ROM Il termine rom o più propriamente rrom puó essere inteso in due modi diversi. In senso generale si riferisce all'insieme di un popolo originario dell'India del Nord (media valle del Gange, oggi Uttar Pradesh) che ha lasciato l'India all'inizio dell'XI secolo per giungere in Asia Minore alla fine dello stesso secolo. All'interno di questo popolo gli studiosi hanno distinto tre rami:
  • i Rrom propriamente detti, (che costituiscono più dell'80% di questo popolo in generale) e si definiscono essi stessi Rrom, parlano la lingua rrom, diffusa soprattutto nell'Europa dell'Est e in America;

  • i Kalé o Gitani, (un po' più del 10%), che hanno perduto l'uso della lingua rrom, si definiscono Kalé e vivono soprattutto in Spagna e in Sud America

  • i Sinté (o Sinti), tra i quali si possono distinguere i Sinté piemontesi e lombardi, la cui lingua é largamente influenzata dall'italiano e dal piemontese, e i Sinté del Nord, la cui lingua è influenzata dal tedesco e dall'alsaziano. Essi si definiscono Sinté ma sono chiamati Manouches dai francesi.

    Si stima che nel mondo ci siano tra i 12 e i 15 milioni di Rrom, tuttavia il numero ufficiale è incerto in molti paesi, anche perché molti di loro rifiutano di farsi registrare come appartenenti all’etnia Rrom per paura di discriminazioni.
    In Italia si stima che siano circa 120 mila, di cui 80% di cittadinanza italiana (45.000 Rom e 35.000 Sinti) di antico insediamento, il restante 20% (ca 24.000), è costituito da rom provenienti dai paesi dell´Est Europa.
    Ulteriori divisioni vengono spesso fatte sulla base del territorio di cui sono stanziati, della cultura e del dialetto. Accanto quindi ai Rrom propriamente detti, ai Sintè, ai Kalè, si parla di Căldărari (o anche Kotlar(i) o Kalderash) originari dei Balcani e migrati anche in Nord America e Europa Centrale, tradizionalmente dediti al mestiere del ramaio; Romnichal (anche Romanichal o Rom'nies) principalmente in Britannia and Nord America; Erlides (anche Yerlii o Arli) stanziati nel sudest europeo e in Turchia.
    Si ritiene che il termine rrom provenga dal sanscrito Dxomba che designava gli artisti nell'India antica, in particolare indicava cantanti, ballerini, attori e percussionisti, che trasmettevano al popolo la saggezza indiana in un linguaggio più accessibile del sanscrito.
    Sotto le occupazioni moghol e soprattutto britannica la parola ha preso un senso peggiorativo che non aveva nell'India antica.

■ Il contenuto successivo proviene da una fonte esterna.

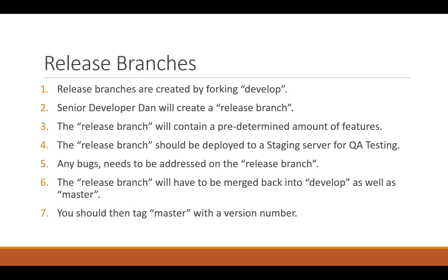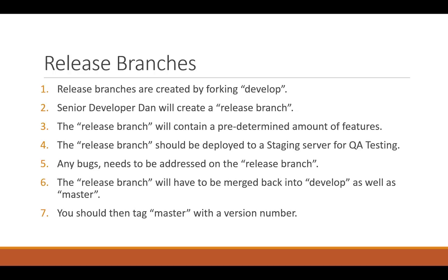So let's go to release branches. Let's say there have been multiple commits now by multiple team members who have completed their features. So what we need to do is create a release branch by forking the latest copy of develop. Let's say a senior developer Dan will create a release branch. The release branch will contain a predetermined amount of features. This could be predetermined by a sprint or by a project manager. But you don't want to fill your release branch with hundreds of features because each of these features need to be tested. So make sure you have a limited amount of features in your release branch.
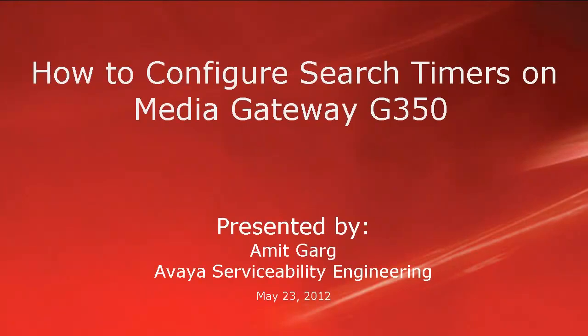Hello, my name is Amit Garg with the Avaya ServiceAbility Engineering team. This video is about how to configure search timers on the Media Gateway G350.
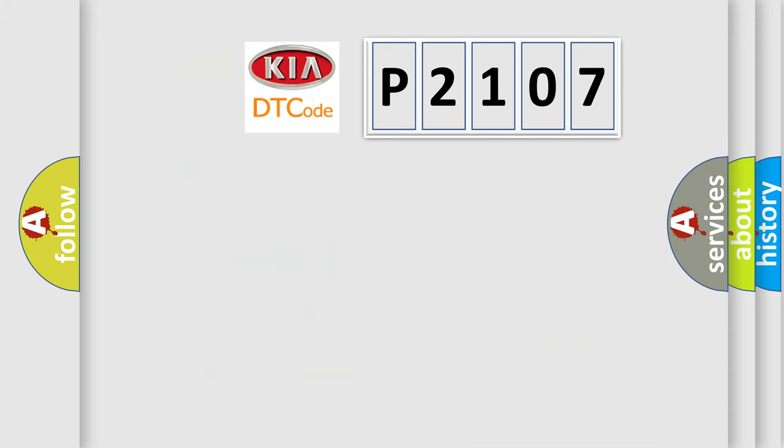So, what does the diagnostic trouble code P2107 interpret specifically for KIA car manufacturers?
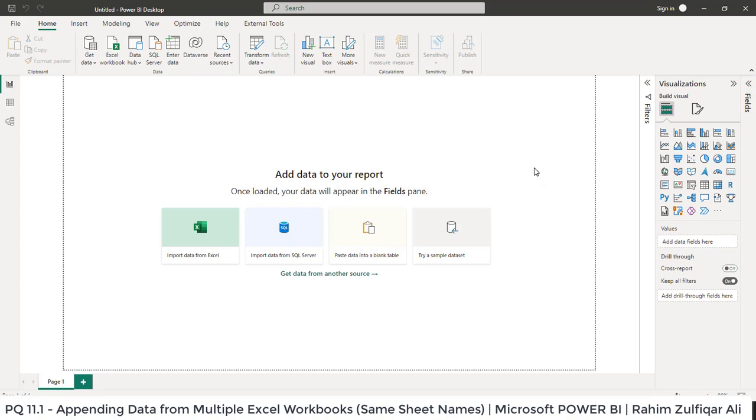Hi, this is Rahim Zulfiqareli from Excel Basement. In this video, we will learn how to append data from multiple Excel workbooks where each workbook contains sheets and the name of the sheets are the same. So this is the assumption which we will carry in this video.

Oggi rrom significa uomo sposato nei dialetti dei Rrom, dei Sinté e dei Kalé e designa l'etnia stessa solamente presso i Rrom propriamente detti.

    In diverse lingue sono stati dati ai Rrom dei nomi erronei, ad esempio in italiano zingari e gitani, in inglese gipsy, in spagnolo e in catalano gitanos, in portoghese cigano, in tedesco Zigeuner.


    In Italia è diffusa l'idea erronea che il termine rrom sia un'abbreviazione di romeno, ma tra Rrom e Romeni non c'è alcuna identità.
    Per questa ragione l'ortografia con due "r", quella che è utilizzata nella lingua rrom per ragioni di pronuncia, è preferita all'ortografia con una sola "r".

    Movimento Politico
    Negli anni '30 un movimento politico rrom si è costituito soprattutto in Romania con lo scopo di azzerare il patrimonio culturale e linguistico rrom in vista di un'assimilazione totale al popolo romeno. Questo movimento si inspirava alle tesi fasciste dominanti all'epoca.
    Dopo la guerra si è costituito un altro movimento che è arrivato in occasione del primo congresso nel 1971 a Londra alla creazione dell'Unione Rrom Internazionale. Questo movimento mira al riconoscimento di un'identità e di un patrimonio culturale e linguistico nazionale senza stato né territorio, cioè presente in tutti i paesi europei. Questo movimento utilizza il termine rrom ad esclusione di tutti gli altri per designare l'insieme del popolo rrom, sforzandosi di promuovere la fraternità e la cooperazione tra tutti i suoi rami.